Dort haben sie eine schreckliche Begegnung mit einem offensichtlich Schwerverletzten, der urplötzlich wie ein Gespenst aus dem dichten Nebel vor ihnen auftaucht. Doch ebenso plötzlich ist der Unbekannte auch wieder verschwunden.
Kurz darauf streikt das Auto. Auf ihrer Suche nach Hilfe stehen die beiden Reisenden auf einmal vor einem alten Haus, das sich wie ein Spukschloss vor ihnen auftürmt.
Vertrauensvoll betätigen sie die Türklingel – und ahnen nicht, dass sie damit ein Geschehen in Gang setzen, welches sie an den Rand des Wahnsinns treiben wird ...
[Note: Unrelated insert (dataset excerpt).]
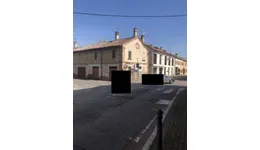 Aste giudiziarie immobiliari online - 6.0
Mit gleichmäßig brummendem Motor zog der graue Morris über die Straße an der schottischen Nordküste. Seine trüben Scheinwerfer konnten die Dunkelheit nur schwer durchdringen, sodass Jason Belmont und Liz Gaskell bloß einen sehr begrenzten Ausschnitt der nächtlichen Landschaft zu sehen bekamen. Und der war seit einer Stunde gleich.
Links und rechts des schmalen Asphaltbandes der einspurigen Straße erhoben sich knapp kniehohe Steinmauern. Dahinter schien die Welt aufzuhören. Dort lauerte ununterbrochene Schwärze.
Keine Laterne, kein erleuchtetes Fenster, nicht einmal eine Zufahrtsstraße zu einem Grundstück wies auf die Anwesenheit von Menschen in dieser einsamen Gegend hin.
»Jason?« Liz Gaskell hatte den Namen ihres Freundes leise, fast zögernd ausgesprochen, als habe sie Angst vor der Frage, die sie stellen wollte. »Jason, wo sind wir?«
Der junge Mann hinter dem Steuer zuckte die Schultern und lächelte amüsiert, doch in seinem Gesicht kerbten sich Falten ein, die auf seine innere Anspannung hindeuteten.
»Wo sollen wir schon sein?«, warf er leicht hin, um seine Freundin zu beruhigen. »Auf der Straße nach Dunnet natürlich, wo wir übernachten wollen. Oder hast du eine Abzweigung gesehen?«
Liz Gaskell schüttelte den Kopf. »Nein, wir folgten dem Pfeil nach Dunnet und kamen an keiner Abzweigung vorbei.« Es klang, als müsse sie sich selbst Mut zusprechen.
»Na, siehst du!« Jason Belmont lachte auf. In dem engen Innenraum des Wagens dröhnte es dumpf und unecht.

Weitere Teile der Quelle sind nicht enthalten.